When an enemy is about to attack, their weapon will glimmer for a moment, letting you know that it’s time to initiate a parry. The timing is fairly forgiving so it’s not a particularly challenging move to pull off, but it is an incredibly important one. A successful parry gives you a window to unleash multiple attacks and often knock the enemy off their feet. Parries are especially important in boss battles and when fighting high-powered enemies such as captains, mercenaries, and polemarchs.
Everywhere you turn in Odyssey there’s something to loot. Whether it be a small bag of drachmae, a bountiful treasure chest, a weapon rack, or from dead soldiers. It’s easy to brush over some of these opportunities, but you should loot as much as you can stomach. It’s not uncommon to find a useful piece of gear on a weapon rack or a few pieces of iron metal on a table. The most important looting opportunities come when killing high-value targets (difficult enemies) and from chests in forts. Both of these almost always reward you with new weapons, a decent amount of coin, and desired materials. So when you down a Spartan polemarch, please don’t forget to take their gear.
Remember how old Assassin’s Creed games had towering structures that you performed breath-defying Leaps of Faith from the highest city points into a barrel of hay? That’s still a feature in Odyssey, though the structures, save for a few statues, are rarely very high in the air (it’s set in Ancient Greece after all).

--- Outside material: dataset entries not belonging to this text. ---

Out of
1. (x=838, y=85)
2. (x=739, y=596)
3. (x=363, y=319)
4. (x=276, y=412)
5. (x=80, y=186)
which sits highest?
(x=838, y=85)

These synchronization points, marked as birds on the map, are very important. Each time you unlock a synchronization point, you can fast travel to that location. Trust us, despite Odyssey‘s beauty and detail, you’ll want to fast travel often. The map is enormous. Each time you see a bird icon around you, you should go activate that spot, even if it’s a bit out of your way. You’ll be happy you did later.
Assassin’s Creed Odyssey turns into a grind at around the halfway point. You won’t be able to just complete story missions. For that reason, if you see a sidequest (marked with an exclamation point) nearby, you should think twice before passing it up. Not only do sidequests typically take half the time of story missions, but they net you similar amounts of experience points.
Similarly, if you come across an enemy fortress (a large Athenian or Spartan stronghold), you should complete the location objectives. Location objectives typically involve killing the fort’s leaders, looting chests, and burning war supplies. If you complete all of these objectives, you’ll earn about the same amount of experience points as you would in a mission while getting a bunch of new gear and materials.